The data can be manually inspected on their website. The dataset code can be typed on the search bar to select data of a specific domain. Additionally, on their definitions page one can find definitions and standards related to countries/regions, elements, items, units and flags.

Output datasets¶

Meadow (unprocessed) datasets¶

List of meadow datasets that are generated, and their titles:

faostat_ef: Land, Inputs and Sustainability: Fertilizers indicators.
faostat_ei: Climate Change: Emissions intensities.
faostat_ek: Land, Inputs and Sustainability: Livestock Patterns.
faostat_el: Land, Inputs and Sustainability: Land use indicators.
faostat_emn: Land, Inputs and Sustainability: Livestock Manure.
faostat_ep: Land, Inputs and Sustainability: Pesticides indicators.
faostat_esb: Land, Inputs and Sustainability: Soil nutrient budget.
faostat_fa: Discontinued archives and data series: Food Aid Shipments (WFP).
faostat_fbs: Food Balances: Food Balances (2010-).
faostat_fbsh: Food Balances: Food Balances (-2013, old methodology and population).
faostat_fo: Forestry: Forestry Production and Trade.
faostat_fs: Food Security and Nutrition: Suite of Food Security Indicators.
faostat_ic: Investment: Credit to Agriculture.
faostat_lc: Land, Inputs and Sustainability: Land Cover.
faostat_qcl: Production: Crops and livestock products.
faostat_qi: Production: Production Indices.
faostat_qv: Production: Value of Agricultural Production.
faostat_rfb: Land, Inputs and Sustainability: Fertilizers by Product.
faostat_rfn: Land, Inputs and Sustainability: Fertilizers by Nutrient.
faostat_rl: Land, Inputs and Sustainability: Land Use.
faostat_rp: Land, Inputs and Sustainability: Pesticides Use.
faostat_rt: Land, Inputs and Sustainability: Pesticides Trade.
faostat_scl: Food Balances: Supply Utilization Accounts.
faostat_sdgb: SDG Indicators: SDG Indicators.
faostat_tcl: Trade: Crops and livestock products.
faostat_ti: Trade: Trade Indices.

Each dataset faostat_* contains only one table:

faostat_*: Raw data in long format.
Indexes:
- year: Year (usually an integer, but sometimes a range, e.g. '2010-2012').
- element_code: FAO element code.
- item_code: FAO item code.
- area_code: FAO country/region code.
Columns: _ area: FAO country/region name. _ item: FAO item name. _ element: FAO element name. _ unit: FAO unit name (a short name). _ value: Data value. _ flag: Flag for current data point.
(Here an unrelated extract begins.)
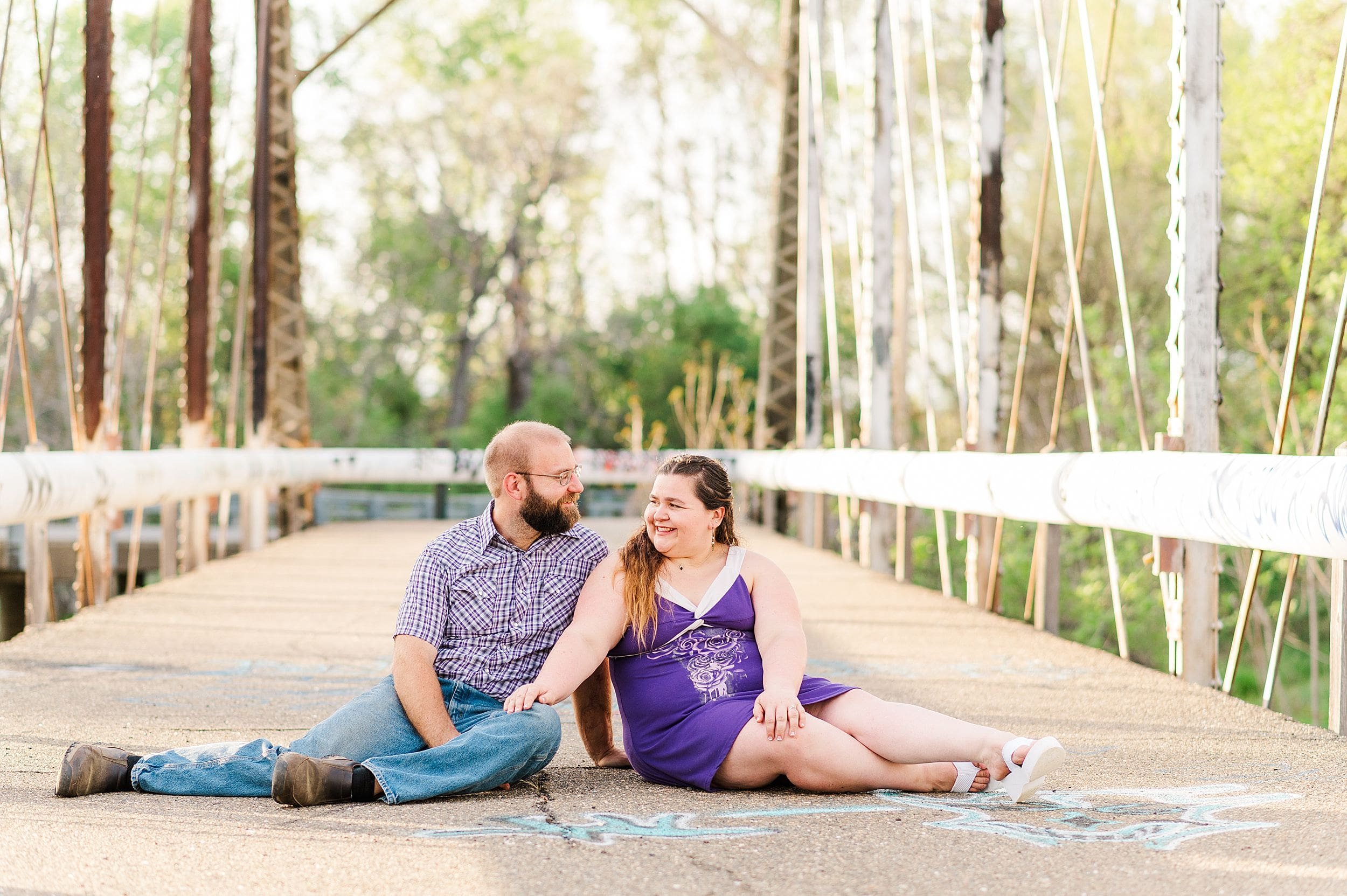 couple sitting on bridge smiling at each other in middle of bridge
Exceptionally, some datasets have different column names:

faostat_fa contains recipient_country_code instead of area_code in the index, and column recipient_country instead of area. Also, faostat_wcad has columns wca_round and census_year instead of year.

There is an additional dataset:

faostat_metadata: FAOSTAT (additional) metadata dataset (originally ingested using the FAOSTAT API). This dataset contains as many tables as domain-categories (e.g. 'faostat_qcl_area', 'faostat_fbs_item', ...). All categories are defined in category_structure in the meadow faostat_metadata.py step file.
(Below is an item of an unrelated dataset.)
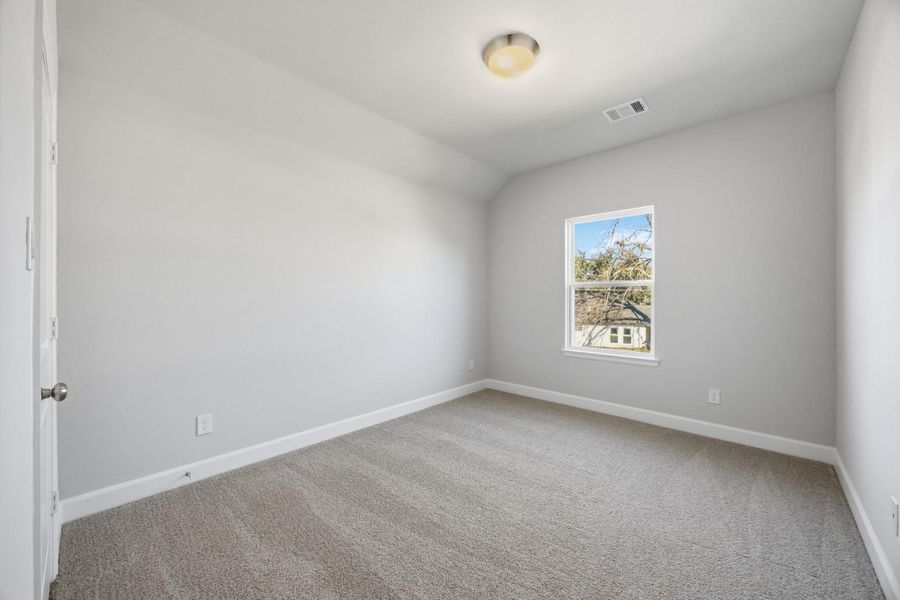 Welcoming Rooms: A Secondary Bedroom serves as a polished oasis for guests or family.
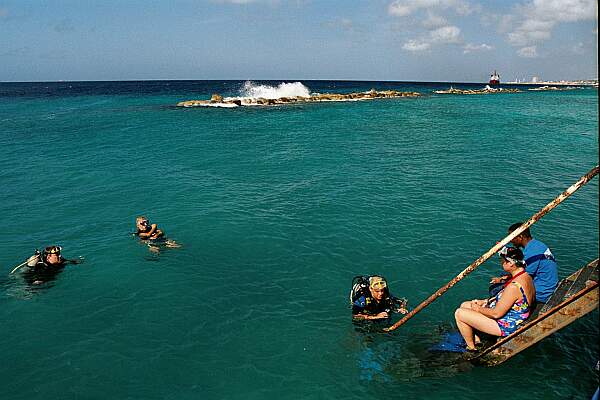 Check in with the dive shop when you arrive, and ask if it is ok for you to use their dock.  You may have to show your certification card and sign a waiver.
Garden (processed) datasets¶

The list of garden datasets is identical to the list of meadow datasets, except for the following changes:

Datasets faostat_fbsh and faostat_fbs are not present.
faostat_fbsc: Food Balances Combined. This dataset is the combination of faostat_fbsh and faostat_fbs.
food_explorer: Dataset that generates the csv files that are read by the global-food explorer (see below). It uses data from the faostat_fbsc and faostat_qcl garden datasets.
faostat_metadata: This dataset mainly feeds from the meadow faostat_metadata, but it also loads the custom_* files, and each individual meadow dataset.

All datasets faostat_* (except faostat_metadata) contain two tables:

faostat_*: Processed data in long format.
Indexes:
- area_code: Area code (identical to the original FAO area code).
- year: Year.
- item_code: Harmonized item code.
- element_code: Harmonized element code.
Columns:
- country: Harmonized country/region name.
- fao_country: Original FAO country/region name.
- item: Customized item name.
- fao_item: Original FAO item name.
- element: Customized element name.
- fao_element: Original FAO element name. This is only meaningful if the variable existed in the original dataset; for example, OWID-generated per-capita variables did not exist in the original dataset, therefore their fao_element is irrelevant.
- unit: Customized unit name (long version).
- unit short name: Customized unit name (short version).
- fao_unit_short_name: Original FAO unit name (short version).
- item_description: Customized item description.
- element_description: Customized element description.
- flag: Original FAO flag (with some modifications).
- population_with_data: Population of a country, or, for aggregate regions, the population of countries in the region for which there was data to aggregate.
- value: Actual data value.
faostat_*_flat: Flattened table in wide format.
Indexes:
- country: Harmonized country/region name.
- year: Year.
Columns: As many columns as combinations of harmonized element codes and harmonized item codes (plus an additional column for area code).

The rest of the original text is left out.